Can somebody explain why would I use it instead a simple Redis/SQS/Postgres queue implemented in 50 LOC (+ some grafana panel for monitoring) (which is pretty much mandatory even for a wrapper of this or any other service)? I'm not trying to mock it, it's a serious question. What is implied by "task queue" that makes it worth bothering to use a dedicated service?
You're right, if all you need is a queue with a small number of workers connected at low volume, you don't need Hatchet or any other managed queue - you can get some pretty performant behavior with something like: https://github.com/abelanger5/postgres-fair-queue/blob/main/....
The point of Hatchet is to support more complex behavior - like chaining tasks together, building automation around querying and retrying failed tasks, handling a lot of the fairness and concurrency use-cases you'd otherwise need to build yourself, etc - or just getting something that works out of the box and can support those use-cases in the future.
And if you are running at low volume and trying to debug user issues, a grafana panel isn't going to get you the level of granularity or admin control you need to track down the errors in your methods (rather than just at the queue level).

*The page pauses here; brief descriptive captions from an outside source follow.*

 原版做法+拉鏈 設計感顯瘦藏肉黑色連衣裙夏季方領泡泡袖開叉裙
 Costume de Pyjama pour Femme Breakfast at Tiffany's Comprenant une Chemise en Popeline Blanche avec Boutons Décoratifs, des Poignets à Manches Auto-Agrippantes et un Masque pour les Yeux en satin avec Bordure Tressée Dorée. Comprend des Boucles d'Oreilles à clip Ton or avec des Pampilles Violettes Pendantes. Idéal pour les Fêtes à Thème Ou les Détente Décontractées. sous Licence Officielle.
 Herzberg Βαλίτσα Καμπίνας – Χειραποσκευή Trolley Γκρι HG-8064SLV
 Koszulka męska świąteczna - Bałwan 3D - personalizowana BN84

You'd need to integrate your task queue with Sentry and a logging system - and in our case, error tracing and logging are available in the Hatchet UI.

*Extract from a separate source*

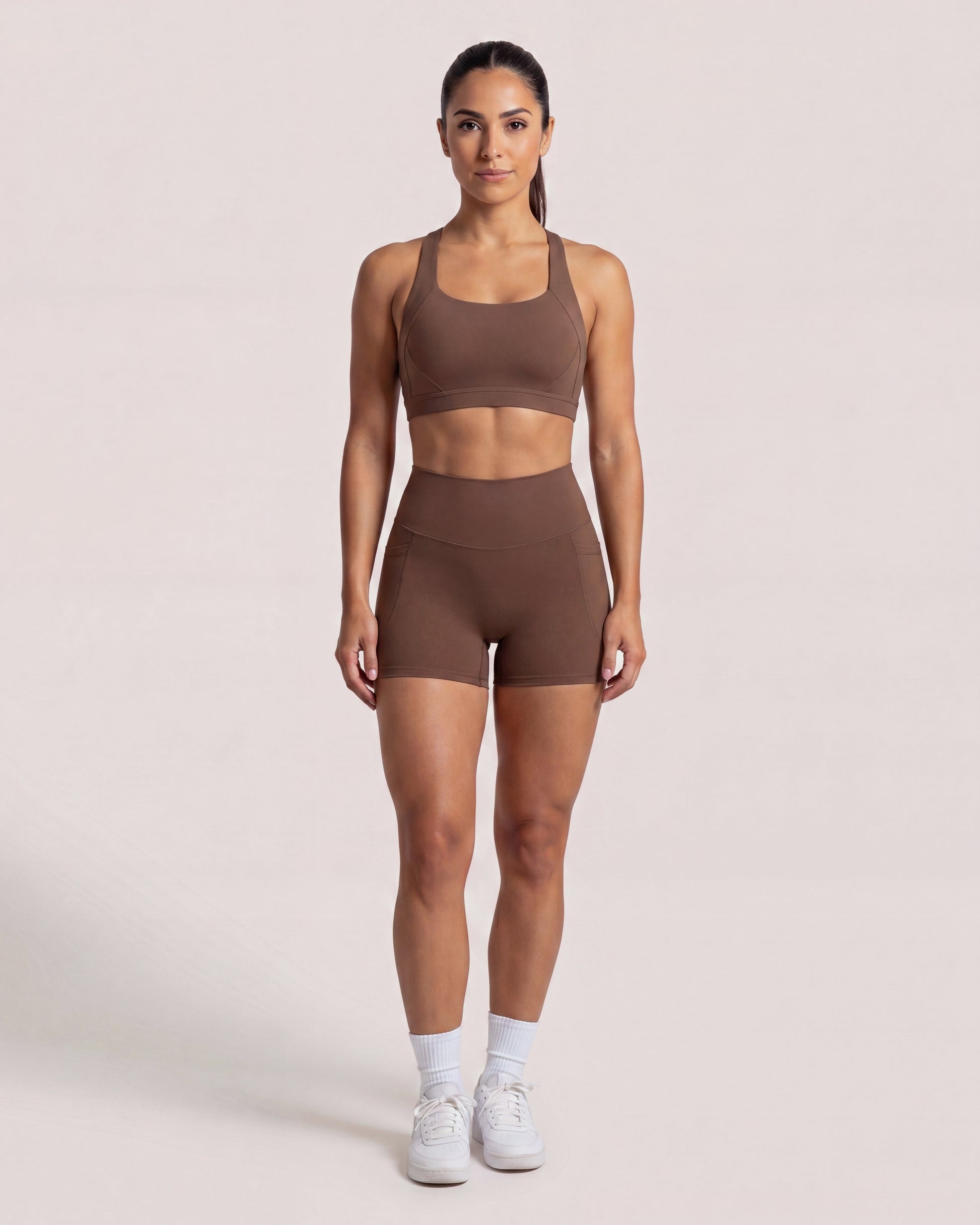 VARCEA Brown Pocket Shorts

That caught my attention. Retrying failed tasks isn’t easy. There are all kinds of corner cases that pop up one by one. If you have some nice way to handle the common failure modes ("text me" or "retry every ten minutes" or "retry 5 times, then give up" or "keep retrying, but with exponential backoff") then that’s something I’d love to use.
(Wiring together 40+ preemptible TPUs was a nice crucible for learning about all of these. And much like a crucible, it was as painful as it sounds. Hatchet would’ve been nice.)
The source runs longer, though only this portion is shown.